Segment Start: Records to use

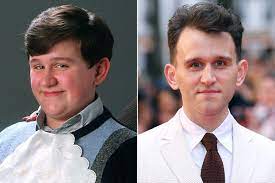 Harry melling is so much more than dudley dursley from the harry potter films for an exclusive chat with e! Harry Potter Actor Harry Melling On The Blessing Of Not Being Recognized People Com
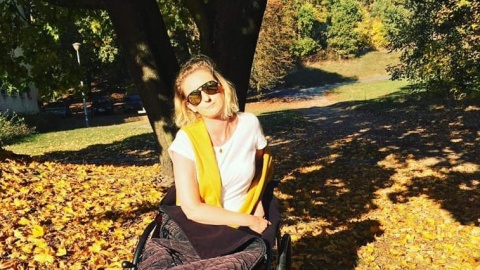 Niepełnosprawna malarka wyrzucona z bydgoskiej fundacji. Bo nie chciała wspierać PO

Segment End: Records to use
Segment Start: Records to use

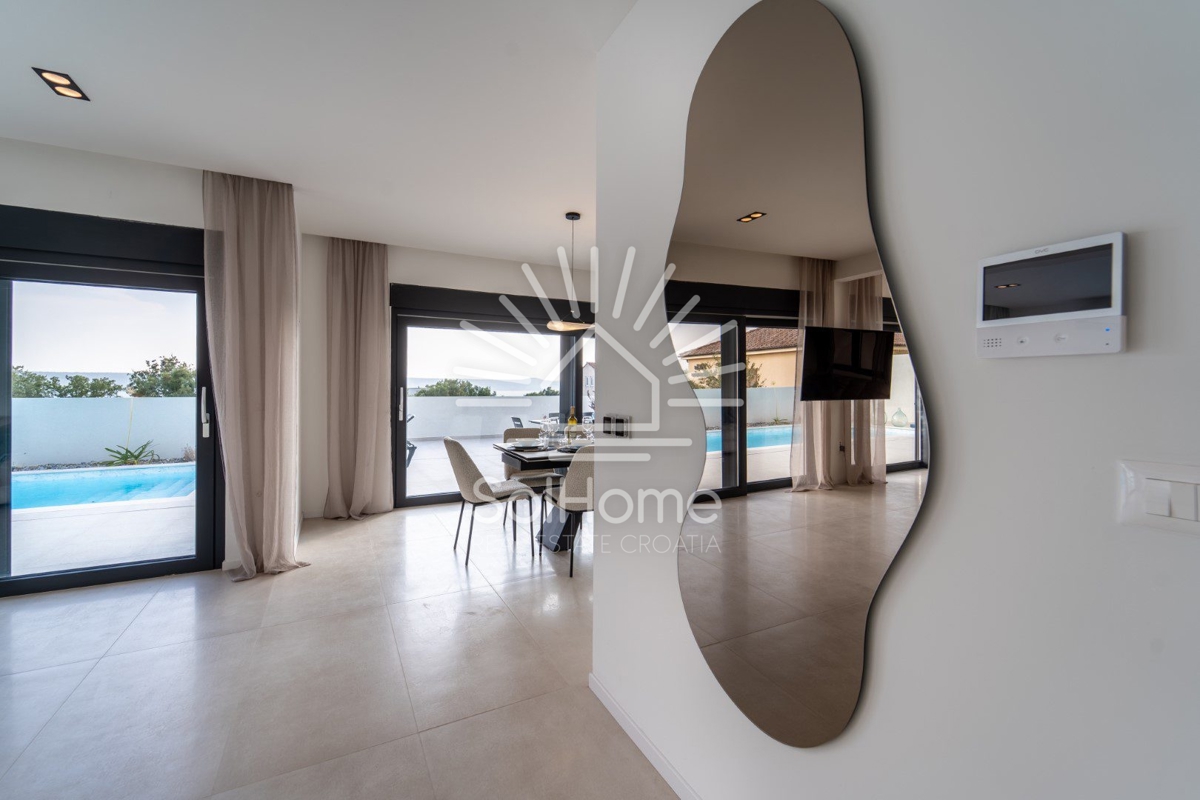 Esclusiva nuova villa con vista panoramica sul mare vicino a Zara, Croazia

Segment End: Records to use
Segment Start: Records to use

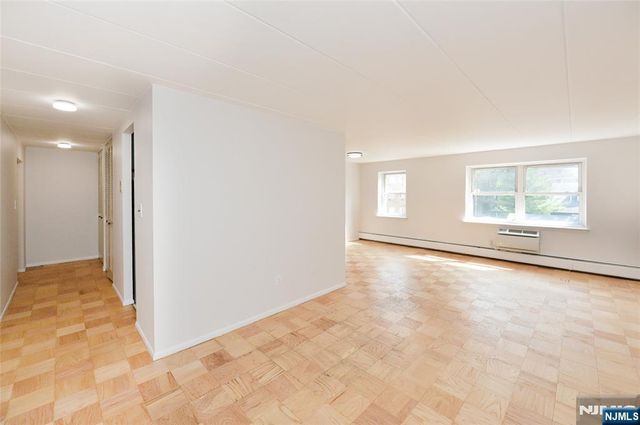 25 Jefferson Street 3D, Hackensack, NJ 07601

Segment End: Records to use

Exercise goal: Among the entries above, locate the line with "Harry melling is" and the line with "Niepełnosprawna malarka wyrzucona". Give those two lines and all lines between them again, exactly, leaving out the pictures.

Exercise result:
 Harry melling is so much more than dudley dursley from the harry potter films for an exclusive chat with e! Harry Potter Actor Harry Melling On The Blessing Of Not Being Recognized People Com
 Niepełnosprawna malarka wyrzucona z bydgoskiej fundacji. Bo nie chciała wspierać PO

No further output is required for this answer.